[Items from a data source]

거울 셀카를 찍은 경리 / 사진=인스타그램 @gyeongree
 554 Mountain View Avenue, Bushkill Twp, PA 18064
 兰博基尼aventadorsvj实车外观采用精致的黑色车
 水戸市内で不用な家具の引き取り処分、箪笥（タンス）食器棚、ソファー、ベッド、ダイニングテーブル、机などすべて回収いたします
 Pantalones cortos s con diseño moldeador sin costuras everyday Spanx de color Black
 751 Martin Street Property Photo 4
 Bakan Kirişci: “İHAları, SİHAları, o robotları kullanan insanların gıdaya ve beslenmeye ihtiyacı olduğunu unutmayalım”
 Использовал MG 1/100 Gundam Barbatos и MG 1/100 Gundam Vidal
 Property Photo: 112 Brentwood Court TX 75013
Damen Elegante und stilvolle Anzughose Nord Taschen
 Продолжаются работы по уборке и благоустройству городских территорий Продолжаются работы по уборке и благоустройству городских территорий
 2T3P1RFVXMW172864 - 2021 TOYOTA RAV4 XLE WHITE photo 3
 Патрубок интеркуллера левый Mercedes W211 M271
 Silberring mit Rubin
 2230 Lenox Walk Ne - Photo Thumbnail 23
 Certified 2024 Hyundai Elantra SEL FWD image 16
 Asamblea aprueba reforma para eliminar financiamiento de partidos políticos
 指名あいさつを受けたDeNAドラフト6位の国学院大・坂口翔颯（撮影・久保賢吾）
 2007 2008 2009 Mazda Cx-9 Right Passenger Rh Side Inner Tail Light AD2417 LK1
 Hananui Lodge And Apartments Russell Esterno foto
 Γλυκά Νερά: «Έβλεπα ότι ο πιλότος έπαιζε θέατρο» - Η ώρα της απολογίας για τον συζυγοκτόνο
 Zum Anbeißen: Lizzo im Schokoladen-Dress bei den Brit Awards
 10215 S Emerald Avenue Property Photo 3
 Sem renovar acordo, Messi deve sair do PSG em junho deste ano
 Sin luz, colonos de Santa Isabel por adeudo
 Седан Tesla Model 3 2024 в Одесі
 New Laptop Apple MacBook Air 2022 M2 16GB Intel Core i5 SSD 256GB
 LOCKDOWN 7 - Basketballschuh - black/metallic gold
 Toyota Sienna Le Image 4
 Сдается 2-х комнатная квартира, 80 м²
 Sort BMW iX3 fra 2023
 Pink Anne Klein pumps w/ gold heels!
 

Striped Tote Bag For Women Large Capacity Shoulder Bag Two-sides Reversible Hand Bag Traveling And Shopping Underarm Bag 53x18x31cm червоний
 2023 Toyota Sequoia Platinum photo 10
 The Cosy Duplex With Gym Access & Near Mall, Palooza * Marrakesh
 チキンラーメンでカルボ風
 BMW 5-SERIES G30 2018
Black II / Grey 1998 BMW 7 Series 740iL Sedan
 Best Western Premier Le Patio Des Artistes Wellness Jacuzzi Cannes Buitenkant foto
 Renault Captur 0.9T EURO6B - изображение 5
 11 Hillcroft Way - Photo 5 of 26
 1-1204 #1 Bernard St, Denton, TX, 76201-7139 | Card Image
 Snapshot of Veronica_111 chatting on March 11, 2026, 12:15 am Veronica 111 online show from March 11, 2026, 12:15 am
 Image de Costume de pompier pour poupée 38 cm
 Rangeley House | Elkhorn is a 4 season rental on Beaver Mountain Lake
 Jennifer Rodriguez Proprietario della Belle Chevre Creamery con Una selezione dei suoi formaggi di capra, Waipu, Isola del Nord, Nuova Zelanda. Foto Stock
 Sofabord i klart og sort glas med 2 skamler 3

§ **Exercise objective**:
An exact copy of the lines above, from the one containing "1-1204 #1 Bernard" through the one containing "Jennifer Rodriguez Proprietario", is the whole of the answer.

§ **The answer**:
 1-1204 #1 Bernard St, Denton, TX, 76201-7139 | Card Image
 Snapshot of Veronica_111 chatting on March 11, 2026, 12:15 am Veronica 111 online show from March 11, 2026, 12:15 am
 Image de Costume de pompier pour poupée 38 cm
 Rangeley House | Elkhorn is a 4 season rental on Beaver Mountain Lake
 Jennifer Rodriguez Proprietario della Belle Chevre Creamery con Una selezione dei suoi formaggi di capra, Waipu, Isola del Nord, Nuova Zelanda. Foto Stock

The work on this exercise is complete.